Short text fragments from websites:
□ □ □
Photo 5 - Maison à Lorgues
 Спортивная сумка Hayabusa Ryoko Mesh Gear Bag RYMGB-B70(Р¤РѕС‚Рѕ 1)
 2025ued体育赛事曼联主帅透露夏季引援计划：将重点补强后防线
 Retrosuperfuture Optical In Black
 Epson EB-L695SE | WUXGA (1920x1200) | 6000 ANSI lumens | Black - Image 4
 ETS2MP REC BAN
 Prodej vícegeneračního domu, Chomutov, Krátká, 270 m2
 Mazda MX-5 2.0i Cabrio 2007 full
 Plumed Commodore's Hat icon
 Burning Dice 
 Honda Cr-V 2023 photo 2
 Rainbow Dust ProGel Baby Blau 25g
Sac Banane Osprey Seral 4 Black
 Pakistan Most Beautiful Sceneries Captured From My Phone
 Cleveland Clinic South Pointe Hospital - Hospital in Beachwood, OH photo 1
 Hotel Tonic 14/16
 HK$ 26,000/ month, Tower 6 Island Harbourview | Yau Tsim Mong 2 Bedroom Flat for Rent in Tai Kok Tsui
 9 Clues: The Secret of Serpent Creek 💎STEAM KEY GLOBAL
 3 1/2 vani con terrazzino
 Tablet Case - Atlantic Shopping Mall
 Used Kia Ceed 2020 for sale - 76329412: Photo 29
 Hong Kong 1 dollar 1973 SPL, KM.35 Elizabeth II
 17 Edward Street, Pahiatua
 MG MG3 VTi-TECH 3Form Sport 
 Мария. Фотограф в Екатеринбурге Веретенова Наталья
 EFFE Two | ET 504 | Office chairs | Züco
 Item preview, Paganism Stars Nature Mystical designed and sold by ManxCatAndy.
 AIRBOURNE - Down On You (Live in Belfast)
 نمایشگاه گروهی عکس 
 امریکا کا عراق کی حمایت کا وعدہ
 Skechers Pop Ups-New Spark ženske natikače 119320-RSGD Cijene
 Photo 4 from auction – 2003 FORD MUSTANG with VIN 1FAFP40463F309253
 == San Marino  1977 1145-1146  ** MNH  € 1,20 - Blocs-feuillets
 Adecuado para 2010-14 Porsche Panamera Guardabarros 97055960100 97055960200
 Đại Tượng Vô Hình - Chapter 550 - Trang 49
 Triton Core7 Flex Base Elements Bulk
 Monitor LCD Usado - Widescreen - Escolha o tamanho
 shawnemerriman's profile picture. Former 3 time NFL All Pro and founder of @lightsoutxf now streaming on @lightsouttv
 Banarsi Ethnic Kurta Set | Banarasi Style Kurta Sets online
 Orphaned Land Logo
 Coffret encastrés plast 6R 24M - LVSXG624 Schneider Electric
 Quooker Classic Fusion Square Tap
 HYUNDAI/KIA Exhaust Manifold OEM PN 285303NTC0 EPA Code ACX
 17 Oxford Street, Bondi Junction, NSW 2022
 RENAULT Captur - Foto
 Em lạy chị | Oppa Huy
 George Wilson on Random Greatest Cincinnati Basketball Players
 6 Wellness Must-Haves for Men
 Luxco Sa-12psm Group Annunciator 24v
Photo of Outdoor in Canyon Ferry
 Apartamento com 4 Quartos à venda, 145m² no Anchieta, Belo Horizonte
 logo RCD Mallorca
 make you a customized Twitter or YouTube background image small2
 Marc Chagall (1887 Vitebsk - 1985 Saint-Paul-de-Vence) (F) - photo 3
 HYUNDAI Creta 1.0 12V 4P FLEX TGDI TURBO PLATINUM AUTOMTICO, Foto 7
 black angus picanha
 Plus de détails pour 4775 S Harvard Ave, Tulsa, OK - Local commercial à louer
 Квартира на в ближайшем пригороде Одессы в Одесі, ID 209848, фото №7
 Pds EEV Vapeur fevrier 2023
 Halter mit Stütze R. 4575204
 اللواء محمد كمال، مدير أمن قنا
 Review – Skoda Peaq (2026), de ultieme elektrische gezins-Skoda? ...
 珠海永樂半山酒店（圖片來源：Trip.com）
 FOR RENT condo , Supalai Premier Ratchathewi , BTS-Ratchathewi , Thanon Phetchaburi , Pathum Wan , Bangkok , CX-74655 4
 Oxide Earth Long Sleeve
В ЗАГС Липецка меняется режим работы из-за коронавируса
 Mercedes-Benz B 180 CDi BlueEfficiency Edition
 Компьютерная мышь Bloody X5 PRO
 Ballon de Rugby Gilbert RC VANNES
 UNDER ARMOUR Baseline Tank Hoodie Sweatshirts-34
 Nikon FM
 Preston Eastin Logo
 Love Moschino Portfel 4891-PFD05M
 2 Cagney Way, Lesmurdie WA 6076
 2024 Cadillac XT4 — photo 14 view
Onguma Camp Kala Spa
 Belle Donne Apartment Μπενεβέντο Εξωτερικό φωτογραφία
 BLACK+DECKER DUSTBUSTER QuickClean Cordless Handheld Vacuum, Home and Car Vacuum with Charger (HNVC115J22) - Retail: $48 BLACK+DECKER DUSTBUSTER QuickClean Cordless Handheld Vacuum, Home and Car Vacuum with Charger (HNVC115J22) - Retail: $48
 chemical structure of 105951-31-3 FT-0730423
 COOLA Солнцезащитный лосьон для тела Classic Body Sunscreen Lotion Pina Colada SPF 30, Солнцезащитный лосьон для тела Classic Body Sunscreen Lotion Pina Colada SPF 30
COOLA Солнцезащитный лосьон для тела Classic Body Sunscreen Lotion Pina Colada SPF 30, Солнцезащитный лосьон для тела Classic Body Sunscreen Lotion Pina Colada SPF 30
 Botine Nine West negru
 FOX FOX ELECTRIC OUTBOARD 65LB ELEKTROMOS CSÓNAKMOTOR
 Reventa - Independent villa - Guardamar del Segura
□ □ □
### Task brief
Above are records; repeat only the lines starting at the line with "shawnemerriman's profile picture." and ending at the line with "Компьютерная мышь Bloody X5 PRO", exactly as they appear, both included.

### Solution to the exercise
 shawnemerriman's profile picture. Former 3 time NFL All Pro and founder of @lightsoutxf now streaming on @lightsouttv
 Banarsi Ethnic Kurta Set | Banarasi Style Kurta Sets online
 Orphaned Land Logo
 Coffret encastrés plast 6R 24M - LVSXG624 Schneider Electric
 Quooker Classic Fusion Square Tap
 HYUNDAI/KIA Exhaust Manifold OEM PN 285303NTC0 EPA Code ACX
 17 Oxford Street, Bondi Junction, NSW 2022
 RENAULT Captur - Foto
 Em lạy chị | Oppa Huy
 George Wilson on Random Greatest Cincinnati Basketball Players
 6 Wellness Must-Haves for Men
 Luxco Sa-12psm Group Annunciator 24v
Photo of Outdoor in Canyon Ferry
 Apartamento com 4 Quartos à venda, 145m² no Anchieta, Belo Horizonte
 logo RCD Mallorca
 make you a customized Twitter or YouTube background image small2
 Marc Chagall (1887 Vitebsk - 1985 Saint-Paul-de-Vence) (F) - photo 3
 HYUNDAI Creta 1.0 12V 4P FLEX TGDI TURBO PLATINUM AUTOMTICO, Foto 7
 black angus picanha
 Plus de détails pour 4775 S Harvard Ave, Tulsa, OK - Local commercial à louer
 Квартира на в ближайшем пригороде Одессы в Одесі, ID 209848, фото №7
 Pds EEV Vapeur fevrier 2023
 Halter mit Stütze R. 4575204
 اللواء محمد كمال، مدير أمن قنا
 Review – Skoda Peaq (2026), de ultieme elektrische gezins-Skoda? ...
 珠海永樂半山酒店（圖片來源：Trip.com）
 FOR RENT condo , Supalai Premier Ratchathewi , BTS-Ratchathewi , Thanon Phetchaburi , Pathum Wan , Bangkok , CX-74655 4
 Oxide Earth Long Sleeve
В ЗАГС Липецка меняется режим работы из-за коронавируса
 Mercedes-Benz B 180 CDi BlueEfficiency Edition
 Компьютерная мышь Bloody X5 PRO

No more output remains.